AMENDED JUNE 14, 1996
Pricing Supplement No. 13 Dated June 11, 1996
(To Prospectus Supplement dated February 20, 1996
and Prospectus dated January 31, 1996)
Pursuant to Rule 424(b)(2)
Registration Statement No. 33-64193
J.P. Morgan & Co. Incorporated
Medium-Term Notes, Series A
Subordinated Debt Securities
(Fixed Rate Notes)
Principal Amount: $75,000,000
If principal amount is stated in other than
U.S. dollars, equivalent amount in U.S. dollars: N/A
CUSIP: 61688A AB4
Trade Date: June 11, 1996
Settlement Date: June 17, 1996
Maturity Date: June 15, 2011
Price to Public (Issue Price): Variable Price Re-offering
Net Proceeds to Issuer: $73,345,500
Interest Rate (per annum): 7.6875%
Interest Payment Date(s): The 15th day of each month; commencing July
15, 1996.
Record Date(s): ( ) March 1 and September 1 of each year
( X) Other: The first day of each month.
Day Count Basis: ( X) 30/360
( ) Actual
Form: ( X) Book-Entry Note (DTC)
( ) Certificated Note
Redemption:
( ) The Notes may not be redeemed prior to stated maturity.

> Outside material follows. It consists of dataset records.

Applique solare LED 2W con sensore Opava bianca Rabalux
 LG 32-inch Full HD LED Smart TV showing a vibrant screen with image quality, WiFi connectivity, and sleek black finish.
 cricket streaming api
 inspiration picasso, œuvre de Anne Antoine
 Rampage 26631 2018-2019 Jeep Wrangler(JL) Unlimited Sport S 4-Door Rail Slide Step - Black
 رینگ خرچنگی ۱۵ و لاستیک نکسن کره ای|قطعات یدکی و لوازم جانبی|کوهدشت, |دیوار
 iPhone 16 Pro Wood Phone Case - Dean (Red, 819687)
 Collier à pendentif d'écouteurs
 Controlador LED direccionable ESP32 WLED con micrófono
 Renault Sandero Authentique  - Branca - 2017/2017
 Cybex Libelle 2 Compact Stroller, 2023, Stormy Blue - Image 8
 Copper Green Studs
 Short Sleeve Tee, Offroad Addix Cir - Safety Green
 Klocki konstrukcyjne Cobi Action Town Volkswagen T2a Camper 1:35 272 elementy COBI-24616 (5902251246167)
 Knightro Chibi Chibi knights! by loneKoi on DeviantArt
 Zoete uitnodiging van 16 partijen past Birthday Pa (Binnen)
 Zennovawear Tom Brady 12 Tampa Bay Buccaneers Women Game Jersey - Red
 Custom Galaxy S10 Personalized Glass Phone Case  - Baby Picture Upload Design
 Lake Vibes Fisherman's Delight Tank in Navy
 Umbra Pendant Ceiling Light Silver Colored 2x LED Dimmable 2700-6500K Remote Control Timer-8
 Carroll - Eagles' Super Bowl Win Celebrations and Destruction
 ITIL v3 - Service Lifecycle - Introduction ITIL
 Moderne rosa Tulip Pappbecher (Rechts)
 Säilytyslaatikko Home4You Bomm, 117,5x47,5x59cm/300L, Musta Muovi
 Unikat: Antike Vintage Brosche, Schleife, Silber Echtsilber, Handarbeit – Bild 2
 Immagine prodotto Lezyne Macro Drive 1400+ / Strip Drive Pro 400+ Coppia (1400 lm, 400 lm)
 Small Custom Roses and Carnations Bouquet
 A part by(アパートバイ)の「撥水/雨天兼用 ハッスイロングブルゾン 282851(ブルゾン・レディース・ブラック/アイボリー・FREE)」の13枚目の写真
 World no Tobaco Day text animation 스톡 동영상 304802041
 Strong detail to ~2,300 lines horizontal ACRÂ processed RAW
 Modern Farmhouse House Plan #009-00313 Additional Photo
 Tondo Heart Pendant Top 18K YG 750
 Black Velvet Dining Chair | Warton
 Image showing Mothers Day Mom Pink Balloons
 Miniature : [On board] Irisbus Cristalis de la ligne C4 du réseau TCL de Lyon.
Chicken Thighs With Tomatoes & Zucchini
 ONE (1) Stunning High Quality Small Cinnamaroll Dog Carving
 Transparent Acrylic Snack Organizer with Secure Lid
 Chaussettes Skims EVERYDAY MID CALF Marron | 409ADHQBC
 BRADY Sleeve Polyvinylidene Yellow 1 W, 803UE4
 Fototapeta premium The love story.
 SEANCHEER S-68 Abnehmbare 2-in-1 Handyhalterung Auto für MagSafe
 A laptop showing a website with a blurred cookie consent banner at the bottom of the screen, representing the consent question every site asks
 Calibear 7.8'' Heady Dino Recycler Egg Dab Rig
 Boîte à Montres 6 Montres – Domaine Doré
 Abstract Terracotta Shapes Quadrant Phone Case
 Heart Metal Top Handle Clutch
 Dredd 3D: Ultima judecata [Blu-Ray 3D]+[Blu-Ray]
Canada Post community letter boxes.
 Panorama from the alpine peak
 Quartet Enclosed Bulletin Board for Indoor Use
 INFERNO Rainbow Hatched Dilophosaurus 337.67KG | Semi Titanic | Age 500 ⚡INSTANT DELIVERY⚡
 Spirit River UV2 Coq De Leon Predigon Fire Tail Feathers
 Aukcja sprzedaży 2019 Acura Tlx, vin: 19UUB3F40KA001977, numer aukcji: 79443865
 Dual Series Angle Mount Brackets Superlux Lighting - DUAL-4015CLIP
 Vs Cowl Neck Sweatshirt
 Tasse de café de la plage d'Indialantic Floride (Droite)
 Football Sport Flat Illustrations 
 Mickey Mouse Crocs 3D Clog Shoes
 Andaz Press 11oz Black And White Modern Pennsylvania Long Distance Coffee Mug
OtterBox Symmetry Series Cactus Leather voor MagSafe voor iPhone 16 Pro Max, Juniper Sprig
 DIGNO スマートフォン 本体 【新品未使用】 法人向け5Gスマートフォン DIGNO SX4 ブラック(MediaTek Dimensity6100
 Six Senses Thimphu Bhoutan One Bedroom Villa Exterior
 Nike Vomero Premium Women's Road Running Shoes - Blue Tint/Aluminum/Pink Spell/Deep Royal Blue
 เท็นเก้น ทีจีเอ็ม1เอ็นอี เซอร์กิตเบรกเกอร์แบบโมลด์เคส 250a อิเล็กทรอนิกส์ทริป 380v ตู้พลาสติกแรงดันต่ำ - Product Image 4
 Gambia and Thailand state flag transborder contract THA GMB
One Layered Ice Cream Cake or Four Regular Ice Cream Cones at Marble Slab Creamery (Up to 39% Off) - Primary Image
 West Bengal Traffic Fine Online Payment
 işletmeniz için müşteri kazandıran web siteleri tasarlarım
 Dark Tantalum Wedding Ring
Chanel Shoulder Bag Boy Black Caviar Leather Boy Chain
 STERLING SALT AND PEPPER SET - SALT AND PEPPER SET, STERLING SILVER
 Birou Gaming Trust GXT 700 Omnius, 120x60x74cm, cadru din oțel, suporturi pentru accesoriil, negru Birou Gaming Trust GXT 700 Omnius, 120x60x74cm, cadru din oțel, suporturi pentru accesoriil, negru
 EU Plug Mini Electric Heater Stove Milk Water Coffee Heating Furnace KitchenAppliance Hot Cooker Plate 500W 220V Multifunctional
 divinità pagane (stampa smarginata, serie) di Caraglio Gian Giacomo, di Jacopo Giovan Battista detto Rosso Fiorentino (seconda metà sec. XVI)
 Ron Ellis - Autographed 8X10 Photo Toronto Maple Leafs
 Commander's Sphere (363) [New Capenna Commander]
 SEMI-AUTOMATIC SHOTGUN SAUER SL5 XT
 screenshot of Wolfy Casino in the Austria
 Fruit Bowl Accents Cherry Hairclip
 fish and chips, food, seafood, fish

( X) The Notes may not be redeemed prior to June 15, 2001. Thereafter,
they may be redeemed at the option of the Issuer upon at least 30
calendar days notice, in whole but not in part, on each December 15 and
June 15 at 100% of the principal amount thereof together with accrued
interest to the date fixed for redemption.
Optional Redemption Date(s): See above.
Initial Redemption Date: June 15, 2001
Initial Redemption Percentage: See above.
Annual Redemption Percentage Reduction: N/A
Modified Payment Upon Acceleration: N/A
Sinking Fund: None
Right of Payment:
(X ) Subordinated ( ) Unsubordinated
Original Issue Discount: N/A
Amount of OID: N/A
Yield to Maturity: N/A
Interest Accrual Date: N/A
Initial Accrual Period OID: N/A
Amortization Schedule: N/A
Denominations: $1,000 with $1,000 integral multiples thereafter.
Plan of Distribution:
The Company, through J.P. Morgan Securities Inc. ("JPMSI") acting
as the Company's agent, will sell $30,000,000 aggregate principal
amount of the Notes to Merrill Lynch, Pierce, Fenner & Smith
Incorporated and $15,000,000 aggregate principal amount of the Notes to
Smith Barney Inc. at a price of 97.894% of the principal amount of the
Notes.
The Company has agreed to indemnify the JPMSI, Merrill Lynch,
Pierce, Fenner & Smith Incorporated and Smith Barney Inc. against
certain liabilities, including liabilities under the Securities Act of
1933, as amended.
Additional Terms:
CAPITALIZED TERMS USED IN THIS PRICING SUPPLEMENT WHICH ARE DEFINED IN
THE PROSPECTUS SUPPLEMENT OR THE PROSPECTUS SHALL HAVE THE MEANINGS
ASSIGNED TO THEM IN THE PROSPECTUS SUPPLEMENT OR THE PROSPECTUS.